1563年~1600年(享年38歳)
細川 ガラシャは明智光秀の三女で、細川忠興の正室です。
諱は「たま」(玉/珠)または玉子(たまこ)で、キリスト教に改宗した際に「ガラシャ(伽羅奢、迦羅奢)」の洗礼名を与えられました。
気位が高く激しい性格の持ち主であったともいい、キリスト教に改宗した後は謙虚で忍耐強い性格になったともいわれます。
光秀の娘・たま
たまは永禄6年(1563年)、明智光秀と妻・煕子の間に三女として生まれました。
天正6年(1578年)に織田信長の仲介で細川忠興に嫁ぎましたが、天正10年(1582年)に父・光秀が本能寺の変を起こします。
忠興は光秀から助力を請われましたがこれを拒否し、忠興は謀反人の娘となってしまったたまを丹後国の味土野(京都府京丹後市)に幽閉しました。
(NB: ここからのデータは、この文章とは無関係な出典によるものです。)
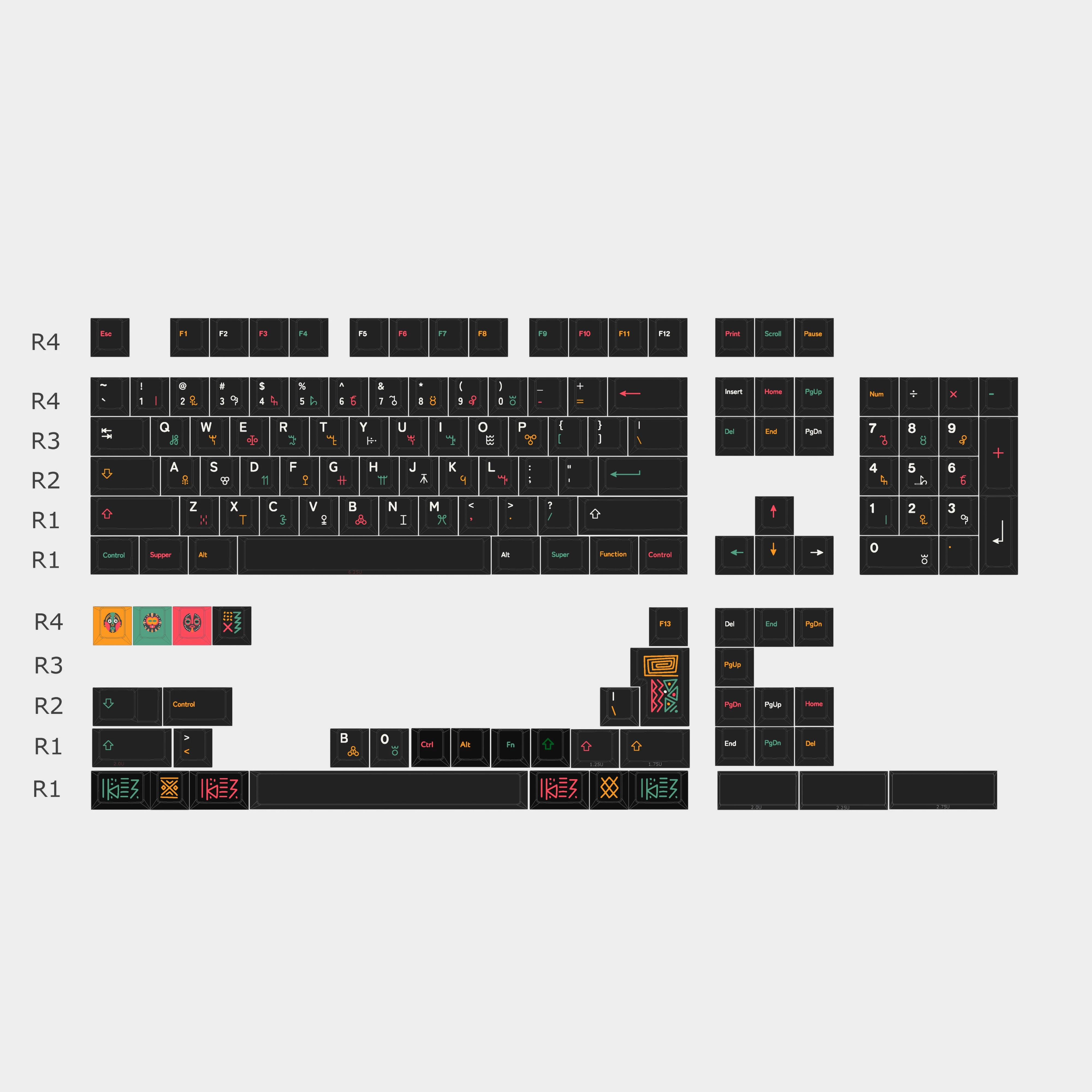 Keycap Aifei Họa tiết Cherry ABS Dyesub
天正12年(1584年)、信長没後に覇権を握った羽柴秀吉の取り成しもあり、たまは細川家の大坂屋敷に戻ることを許されます。
キリスト改宗
その後、忠興が九州征伐へ行っている間、たまはキリスト教に改宗しガラシャ(Gratia、ラテン語で恩寵・神の恵みの意)の洗礼名を授かりましたが、秀吉がバテレン追放令を出していたこともあり、九州から帰国した忠興は受洗したガラシャに激怒し棄教させようとしました。
しかしガラシャが棄教することはなかったため、忠興は「5人の側室を持つ」と言い出すなど、ガラシャに辛く接するようになります。
ガラシャは離縁を考えるようになり宣教師に相談しましたが、キリスト教では離婚は認められなかったことから「困難に立ち向かってこそ徳は磨かれる」とと説き、思い止まるよう説得しました。
関ヶ原の戦い
慶長5年(1600年)に忠興は徳川家康に従って上杉征伐に出陣し、その間に挙兵した石田三成は大坂玉造の細川屋敷にいたガラシャを人質に取ろうとしましたが、ガラシャはこれを拒否します。
やがて三成が実力行使へ屋敷を兵に囲ませるとガラシャは侍女たちを脱出させた後、キリスト教で自害は禁じられていたため、家老の小笠原秀清(少斎)がガラシャを介錯し、ガラシャの遺体が残らぬよう屋敷に爆薬を仕掛け、家臣らも自刃しました。
その後、オルガンティノ神父は細川屋敷の焼け跡でガラシャの骨を拾って堺のキリシタン墓地に葬り、慶長6年(1601年)に忠興は神父に依頼してキリスト教式の葬儀でガラシャを弔いました。
現在の細川屋敷跡にはカトリック玉造教会(大阪市中央区)が建てられ、大聖堂内にはガラシャを描いた画が掲げられています。
戯曲・丹後王国の女王グラツィア
ガラシャの壮絶な最期は、後に宣教師によってヨーロッパに伝えられ、その資料を元に戯曲「強き女 またの名を、丹後王国の女王グラツィア」が制作されました。
物語の主人公はガラシャがモデルとなった「丹後王国の女王グラツィア」で、蒙昧かつ野蛮な夫の非道に耐えながらも信仰を貫き、最後は命を落として夫を改心させたというキリスト教信者に向けた物語になっています。
この戯曲はマリーアントワネットの実家であるウィーン・ハプスブルク家の宮殿内で演じられ、ガラシャと同じような境遇にあった姫達の共感を呼び、賞賛されたといわれています。